A number of candidates running for DC Council have now responded to a new music platform checklist, making public their opinions on issues including noise restriction, live music zoning, and tax support for gigging musicians. The checklist and policy platform, drafted by a coalition of DC music community representatives, was released on May 19 as an effort to better understand which of the candidates support a thriving and talented DC music economy.
DC holds a primary election on June 2, including elections for DC Council candidates. Download a Voter Guide on the June 2 primary.
“The music economy has had success over the past couple of years advocating for some substantial reform, data collection and important pieces of legislation,” said Chris Naoum of Listen Local First DC. “There are thousands of creatives and people working in the music ecosystem who live and vote in the District and we wanted to find out where the candidates stand on the issues that matter the most to this community.”
The coalition of signatories consisting of organizations, venues, nonprofits and artists, crafted the set of statements, policies, initiatives, and proposals that are essential to supporting DC’s music ecosystem. The checklist urges the candidates to support a safe, sustainable, and vibrant music community that has been hit hard by COVID-19. Amy K Bormet, jazz musician and founder of the Washington Women in Jazz Festival, noted, “As we move into reopening DC, these policies are our guiding paths for renewing and strengthening our unique scene.”
Last Tuesday organizers asked every candidate running for office in Washington DC to fill out the Music Platform checklist and send in their responses by Monday, May 25. “We emailed all of the candidates multiple times, sent messages to their websites and contacted them on social media,” Naoum explained. Of the 28 candidates running for a council seat in the primary election on June 2, 12 of them responded to the request from the music community and filled out the checklist. Those candidates are: Jack Evans (Ward 2 Democrat), Patrick Kennedy (Ward 2 Democrat), Brooke Pinto (Ward 2 Democrat), Kishan Putta (Ward 2 Democrat), Yilin Zhang (Ward 2 Democrat), Janeese Lewis George (Ward 4 Democrat) Brandon Todd (Ward 4 Democrat), Anthony Lorenzo Green (Ward 7 Democrat), James LeRoy Jennings (Ward 7 Democrat), Yaida Ford (Ward 8 Democrat), Robert White (At Large Democrat), and Marya Pickering (At Large Republican). This list of candidates does not include responses from candidates who will be running for the At Large Councilmember seat to replace Councilmember Grosso’s seat in November. It is exclusive to candidates for the June 2 primary.

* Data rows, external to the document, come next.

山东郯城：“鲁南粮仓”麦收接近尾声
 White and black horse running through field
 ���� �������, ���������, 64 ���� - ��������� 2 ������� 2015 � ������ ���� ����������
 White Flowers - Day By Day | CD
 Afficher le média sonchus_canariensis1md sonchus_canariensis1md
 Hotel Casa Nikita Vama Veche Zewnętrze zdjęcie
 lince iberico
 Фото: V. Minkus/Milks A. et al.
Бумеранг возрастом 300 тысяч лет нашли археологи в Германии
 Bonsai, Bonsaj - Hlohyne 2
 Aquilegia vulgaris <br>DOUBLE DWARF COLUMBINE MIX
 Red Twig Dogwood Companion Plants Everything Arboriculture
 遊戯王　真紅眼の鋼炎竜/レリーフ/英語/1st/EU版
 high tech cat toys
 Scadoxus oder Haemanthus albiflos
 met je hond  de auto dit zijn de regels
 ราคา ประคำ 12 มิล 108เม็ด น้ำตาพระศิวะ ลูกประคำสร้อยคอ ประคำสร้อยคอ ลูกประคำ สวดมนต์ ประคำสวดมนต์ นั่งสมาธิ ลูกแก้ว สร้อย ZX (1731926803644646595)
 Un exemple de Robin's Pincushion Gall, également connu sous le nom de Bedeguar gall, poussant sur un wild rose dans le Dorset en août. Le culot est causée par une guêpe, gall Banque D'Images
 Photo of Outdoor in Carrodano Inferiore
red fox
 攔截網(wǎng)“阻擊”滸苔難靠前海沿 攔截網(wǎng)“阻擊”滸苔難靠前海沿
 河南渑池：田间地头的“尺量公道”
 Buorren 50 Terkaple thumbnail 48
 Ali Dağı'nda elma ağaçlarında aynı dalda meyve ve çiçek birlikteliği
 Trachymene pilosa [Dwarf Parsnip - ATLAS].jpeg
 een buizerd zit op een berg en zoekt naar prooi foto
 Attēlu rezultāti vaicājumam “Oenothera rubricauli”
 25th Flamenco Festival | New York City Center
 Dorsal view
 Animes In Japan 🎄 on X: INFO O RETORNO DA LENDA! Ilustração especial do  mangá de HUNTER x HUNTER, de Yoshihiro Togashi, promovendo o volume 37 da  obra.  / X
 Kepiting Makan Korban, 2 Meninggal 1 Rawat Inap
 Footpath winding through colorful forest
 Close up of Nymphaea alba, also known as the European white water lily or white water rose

Candidates were asked to sign their name and put a checkmark next to the statements they support. A majority of the candidates who returned the checklist supported all 12 of the statements sent by members of the music community. Dutta and Kennedy from Ward 2 did not agree with the statement “Allowing Settlement Agreements that Ban Live Music and Dancing Should be Phased Out”. Candidate Yilin Zhang’s campaign wrote to us stating that she did not check off the Settlement Agreement and Agent of Change statements because she would like to learn more about them.
At-Large Candidate from the Republican Primary Marya Pickering wrote to let us know, “I have not checked two of the questions for the following reasons: I do not have sufficient information about the ‘agent of change’ principle to provide an answer at this time. Likewise, I have not yet studied Mayor Bowser’s proposed budget which she presented to the DC Council last week, and do not have sufficient information to know whether ‘More Funding and Resources are Needed to grow the local industry infrastructure’.”
While a lack of reply to the checklist does not constitute a rejection of its policy objectives, candidates’ silence on these issues speaks to their priorities regarding local arts. Listen Local First and its coalition partners in this effort hope that DC voters bear these policies in mind when evaluating their choices on June 2, understanding that the health of DC’s music ecosystem is vital to the city’s continued cultural life.